Excluding physical assets, the value of your business is tied up in intangibles such as your brand, staff, customer list and financial performance. Your buyer will definitely take all these things into account, but bear in mind that while your past performance will provide a good reference point, buyers will be much more interested in your future pipeline and recurring revenue streams.
Our top tips for valuing your business:
This is one of the simplest approaches to take when you’re trying to get a ball-park figure in mind. Begin by making a list of your business’s physical assets, including equipment and inventory. Consider how much your assets would cost to buy new and then factor in their age and condition to reach a realistic estimate. Most businesses find this will fall short of the actual value of the business which also has intangible assets such as cash flow and reputation, but it’s a useful starting point.
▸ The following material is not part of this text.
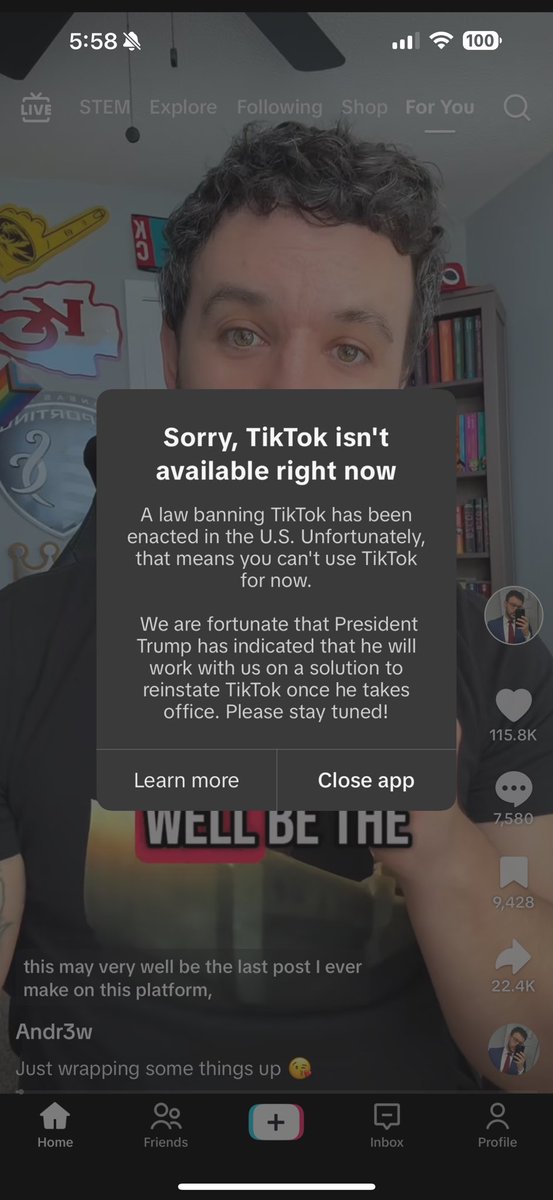 Fear_Lyssa's tweet photo. This is truly upsetting. I’ve been using TikTok since March of 2020. This app has gotten me through losing both of my cats &amp; got me through quarantine. There are better things that could’ve been taken care of other than the banning of this app. So thanks a lot for taking it away. https://t.co/aWH64jMmoH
Put simply, multiples are ratios of business value to financial indicators such as revenue and cash flow. The multiples vary according to market sector and other factors but, as a rule of thumb, values usually vary from 2-10 times profit levels. Smaller, owner-operated businesses might employ a multiplication of the adjusted net profit. This involves taking the net profit and adding back owner expenses such as a salary, car or pension scheme. Running costs that may not apply to a new buyer may also be included.
You’ll only get the most accurate business calculation if you have the paperwork to back up you figures. Assemble accounts for the past 3-5 years and then prepare an income statement detailing your income, expenses and profits, a cash flow statement and a balance sheet listing the value of tangible assets and liabilities. Understanding how your business is growing (or not) will enable you to fine tune your asking price.
If you’ve owned your business for a number of years – perhaps having built it from scratch – you’ll rightly be attached to it. Unfortunately, this can mean you’re more likely to overestimate its value. Run your figures past someone whose judgement you trust – ask for (and accept) honest feedback. It’s OK to be proud of what you’ve achieved but don’t let it scupper your chances of a sale.